Task brief:
The answer should hold only the lines from the one containing "Българите са неутрални" through the one containing "Carter's 2pc Pajama Set Grey sz 2T" in the entries below, copied exactly, without pictures.

Records to process:
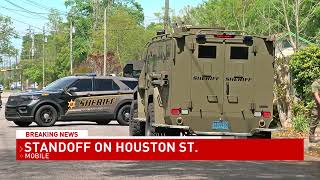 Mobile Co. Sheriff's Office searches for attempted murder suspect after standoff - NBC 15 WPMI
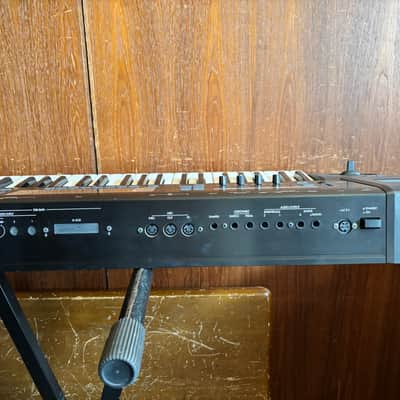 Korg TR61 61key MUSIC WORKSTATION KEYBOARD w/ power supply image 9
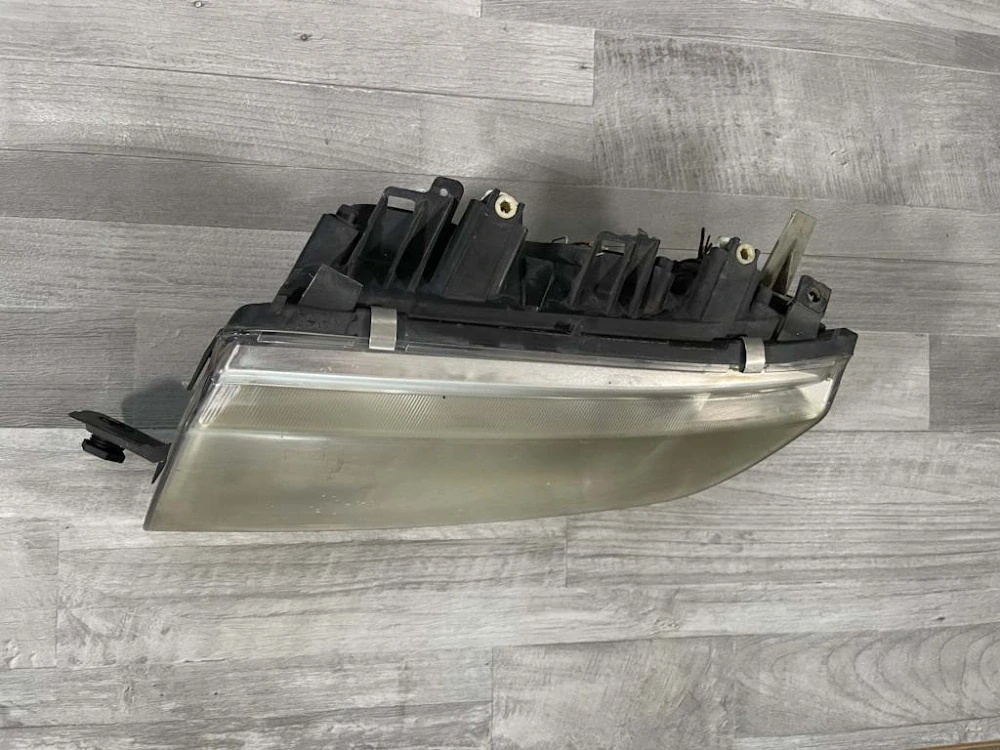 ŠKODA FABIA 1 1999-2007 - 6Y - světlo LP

==

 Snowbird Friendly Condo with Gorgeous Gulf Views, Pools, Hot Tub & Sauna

---

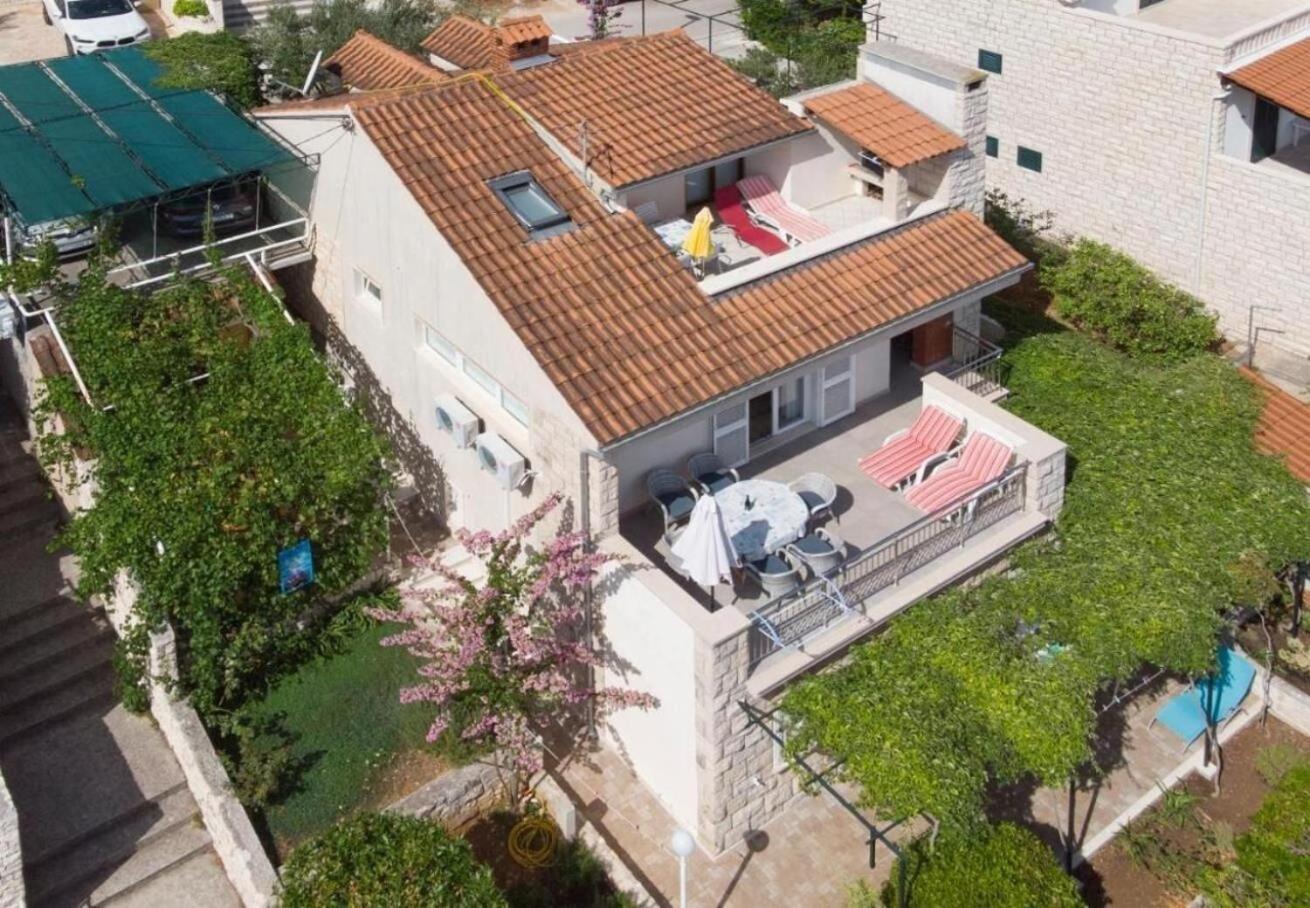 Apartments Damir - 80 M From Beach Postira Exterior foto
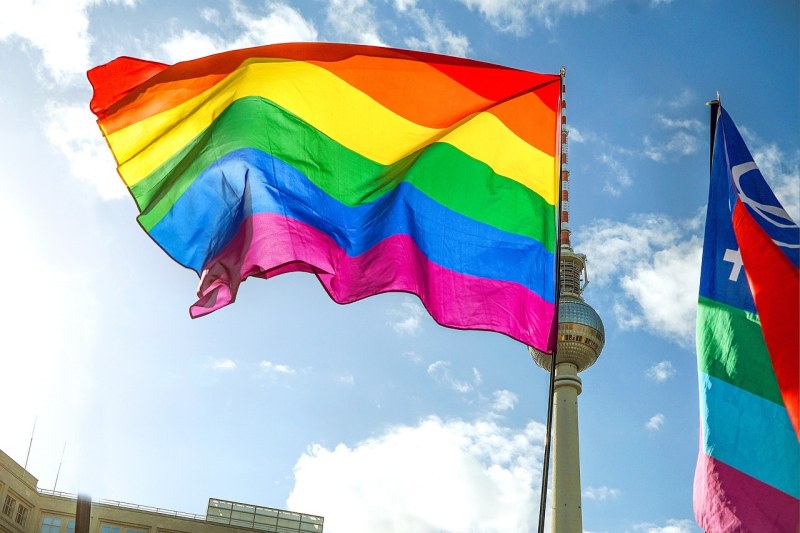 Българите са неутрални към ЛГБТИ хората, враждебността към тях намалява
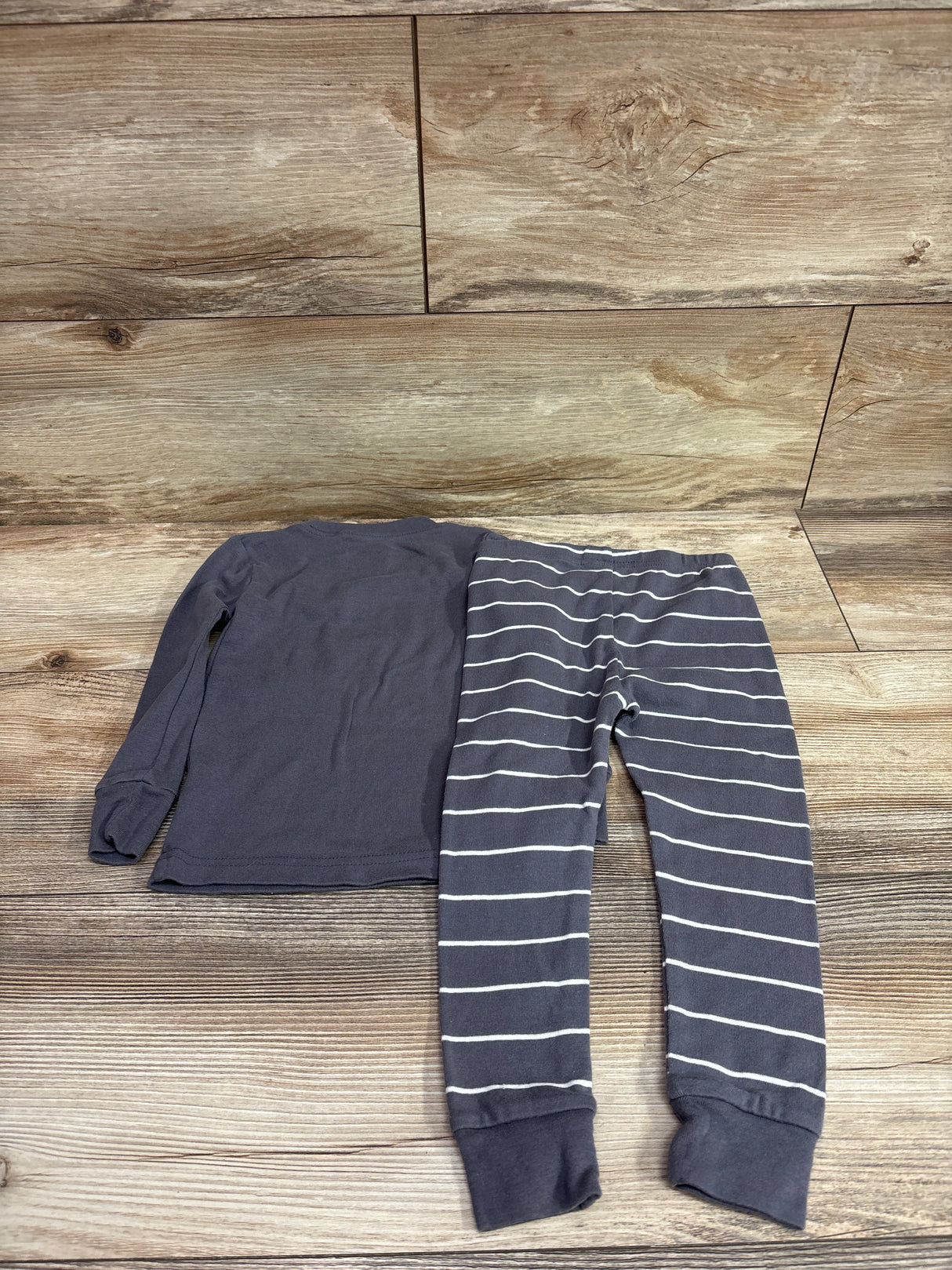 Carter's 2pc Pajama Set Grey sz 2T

Completed task:
 Българите са неутрални към ЛГБТИ хората, враждебността към тях намалява
 Carter's 2pc Pajama Set Grey sz 2T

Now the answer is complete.